Part of this newfound mantra has inspired another new opportunity: I took a plunge and transferred to a new school. I’ve made a lot of mistakes since graduating High School twelve years ago, and being almost-30 and still getting an Associates has been one of them. I settled, because it was easy; I’d start up a few semesters at a time, withdraw when it got hard, and grow content that I was working. I have a full time job, I’d tell myself. This is enough.

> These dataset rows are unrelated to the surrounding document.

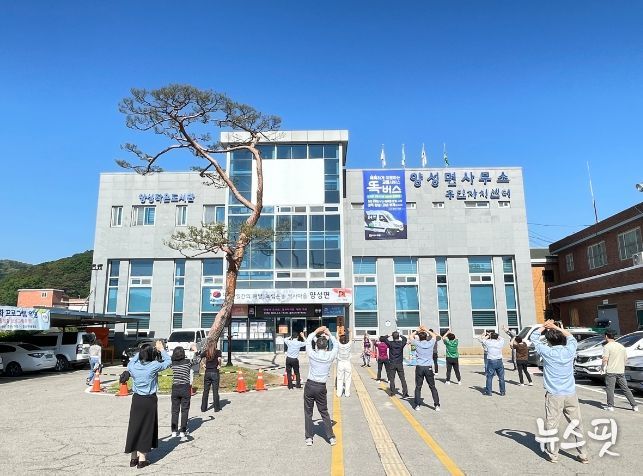 안성시 양성면 체육회, '건강한 양성만들기' 생활체조 시범 추진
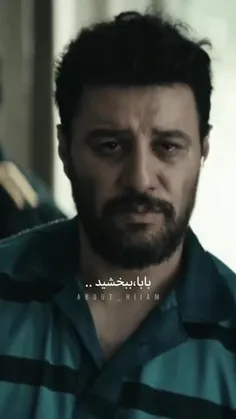 بابا، ببخشید 🙂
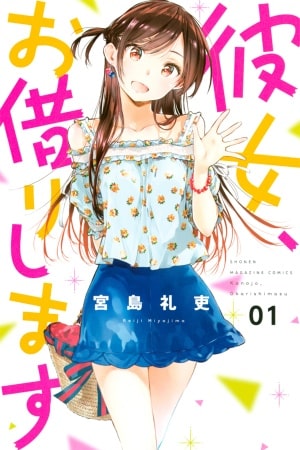 Descargar Kanojo, Okarishimasu manga pdf en español por mega y mediafire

Last year, when I started thinking (on this blog, no less) about my future, I knew I had to go back to school. But I was content with “dealing” with the past-me mistakes; waiting to long to take my foreign language courses for my transfer degree being one of the biggest ones. And I was so exhausted that I accepted taking a year of single-course semesters in a foreign language to right that wrong, in order to transfer to a school I didn’t even want to go to, because that’s what fuck-up past-me decided. My week of clarity was enough to realize that I had wasted enough time.

A year ago I would have had far too much anxiety to transfer schools. But the clarity that I have now made it, uh, clear: I didn’t have to wait a year of a pointless foreign language course to get my associate’s. I hated my school so much that it took me twelve years to get through it, and that wasn’t about to change. A few weeks later, and now I’m enrolled for next semester, and I’ll have my associates 6 months early according to plan. I’ve got myself set up for a new bachelor’s dream (communications), adjacent to the old one (English), but more practical; I’ve got minors planned. Me. The person who took 12 years to get through a liberal art’s associate’s degree.

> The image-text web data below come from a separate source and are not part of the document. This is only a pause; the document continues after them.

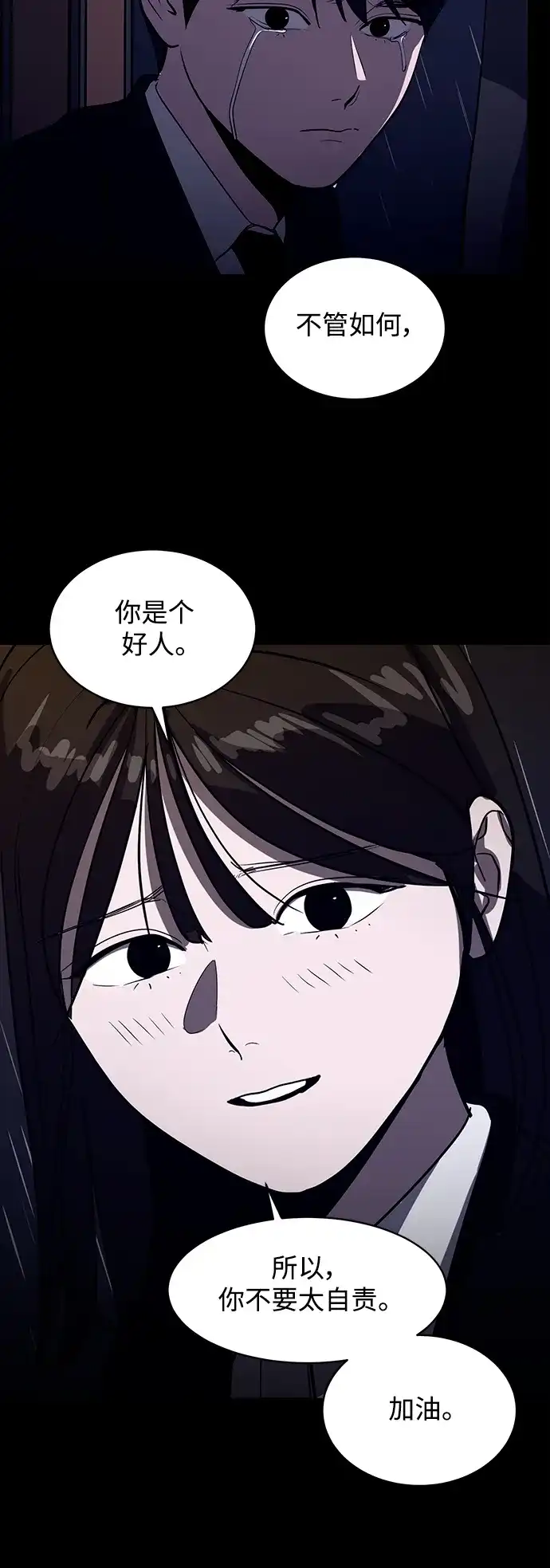 秀熙live 第124话 第58页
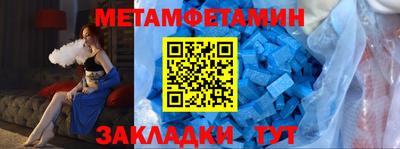 синтетический гашиш Малгобек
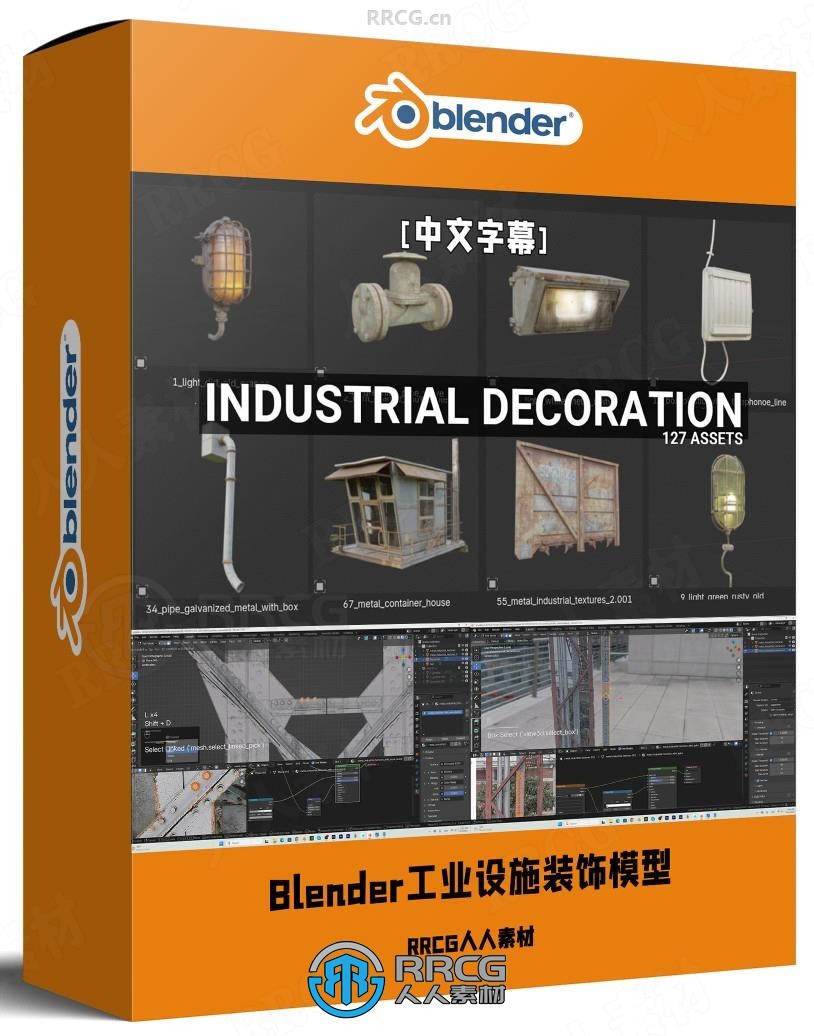 【中文字幕】Blender工业设施装饰模型视频教程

I’ve also been devoting time to thinking about my future on the internet. I hate it here as much as I love it, but it’s ability to foster expression and to spread knowledge are unparalleled. With my newfound clarity, I’ve accepted a few fundamental truths about my career goals:

  1. I want to help people.
  2. I want to do and make a whole buncha different things.

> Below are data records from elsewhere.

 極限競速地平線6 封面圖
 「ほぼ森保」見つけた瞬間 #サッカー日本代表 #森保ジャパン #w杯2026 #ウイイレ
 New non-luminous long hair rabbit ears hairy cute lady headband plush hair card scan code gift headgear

And I honestly can’t think of anywhere better to do that, but it takes some skills that I currently lack. And by lack I mean lack in that I get the gist; as a heavy consumer of the internet, I see the mechanizations. You want to make things? You want to make money making things? You kinda need to get comfortable with people seeing it, wanting to see it, and wanting to see you. None of which I’m entirely comfortable with, and none of which I’ve ever had the confidence to believe people want out of me. Enter the communications degree.

With the English degree I was pursing what I enjoyed, even as my work sucked all the joy and energy out of me leaving me incapable of even reading a book anymore. I was a ferocious reader as a kid. I love everything there is to love about story telling. My introductory-level English courses were some of my strongest work in college so far because I cared about them. But my love for English is personal; it’s easy to sweep aside, because I don’t have the skills or knowledge about using that love for others. Maybe pursing communications is going to be another failure some day, but I don’t think so; there’s nothing more valuable to me than the time I get to spend talking to my friends about whatever news event or historical trivia or pop culture knowledge I’ve been swept up into lately, and if I can force a career out of that feeling, I’ll be the happiest person in the world.

Until then? I probably have to show my face more. Post something on insta. Try to, you know, communicate, instead of just consuming hours of YouTube documentaries and film analysis vids. I’ve got a month until the new school starts, and then, I say with a hefty dose of optimism, it’s a race to the finish line (is that how cars work?). I’m spending this time working through my backlog of books, making myself comfortable again with social media, and dusting off some of the ol’ editing skills as I book it towards 30.